В те годы все, что говорил Ленин, не отделялось в нашем сознании от того, что происходило в стране и во всем мире. Я вспоминаю сейчас слова Г. М. Кржижановского[143], которые он произнес в своем докладе об электрификации на съезде Советов и потом повторял в наших беседах в 30-е, 40-е и 50-е годы. В современную эпоху, говорил он, люди проходят как тени, а дела их — как скалы. Этой фразой Г. М. Кржижановский закончил свой доклад об электрификации. Я спорил тогда с Кржижановским: в наши дни люди не проходят как тени, они ощущают и утверждают бессмертие того, что они делают, и тем самым каждое мгновение выпивают свой кубок Оберона. Они не тени именно потому, что дела их как скалы. Слияние слова и дела приводило к очень глубокому пониманию связи с личностью Ленина не только через чтение его статей и книг, но и через восприятие того, что происходило в жизни, — здесь источник того ощущения одновременности существования и общения, которое так знакомо моим сверстникам.
Уже в 20-е годы я почувствовал единство того, что меня тогда занимало, — интереса к теории относительности и интереса к общественным идеям и проблемам. Прочитав письмо В. И. Ленина Г. М. Кржижановскому о плане электрификации и затем выступления Ленина, посвященные плану ГОЭЛРО, я почувствовал, каким мощным рычагом преобразования общественных отношений становится классическая наука. План электрификации был воплощением классической науки, комплексным планом реализации того, что позволяла сделать классическая термодинамика, классическая электродинамика, классическая электронная теория. Но план ГОЭЛРО вызывал в сознании картину дальнейшего научно-технического прогресса.
В 20-е годы многие уже говорили об энергии ядра (ее тогда обычно называли «внутриатомная энергия») и уже догадывались о принципиально неклассическом характере научных основ ее освобождения.
План электрификации стал исходным пунктом поисков эффекта неклассической науки, а затем и поиском ценностей науки в ее историческом разрезе. Впоследствии все яснее становилась неразрывная связь познания и его ценности, связь истины и добра. Такая связь реализуется в истории науки. Размышления о ценности познания приводили к размышлениям о его прошлом. В этом отношении работы Ленина были очень мощным импульсом. В самом начале 30-х годов я прочитал «Философские тетради». Один из фрагментов непосредственно разбудил мои историко-научные интересы и в последнем счете стал импульсом для поисков машины времени в том смысле, в каком это понятие фигурирует в настоящих воспоминаниях. Речь идет о замечании Ленина, в котором говорится о кругах философии. У меня возникло непреодолимое желание увидеть в истории философии и науки последовательное осознание связи с бесконечным пространством и бесконечным временем, которое и служит переходом от истины к ее ценности. Но для этого недостаточно было чтения трудов философов прошлого. Нужно было услышать из их уст или, по крайней мере, угадать реплики, проникнутые эмоциональными представлениями о мире.

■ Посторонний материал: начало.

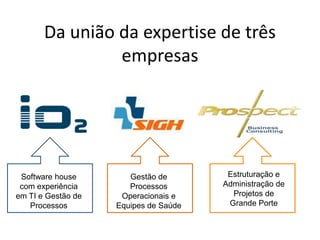 Da união da expertise de três empresas Estruturação e Administração de Projetos de Grande Porte Software house com experiência em TI e Gestão de Processos Gestão de Processos Operacionais e Equipes de Saúde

С идеей машины времени я вошел в зрелый возраст. В те времена он начинался обычно раньше двадцати лет. «Наше поколение юности не знало…», а может быть, наоборот, оно сохранило юность не только в юном, но и в зрелом возрасте. Меня не только по-прежнему интересовали, но и оставались предметом острых эмоций проблемы бытия прошлого, настоящего, будущего и их связь между собой. И по-прежнему теория относительности, зависимость локальных движений от бесконечного пространства-времени и учение Маркса о зависимости бытия отдельного человека от общества оставались не только суммой истин, но и источником гносеологического и социального оптимизма, интереса к экскурсиям в прошлое человеческой мысли. К экскурсиям, раскрывающим не только найденные когда-то истины, но эмоциональные корни и эффект поисков.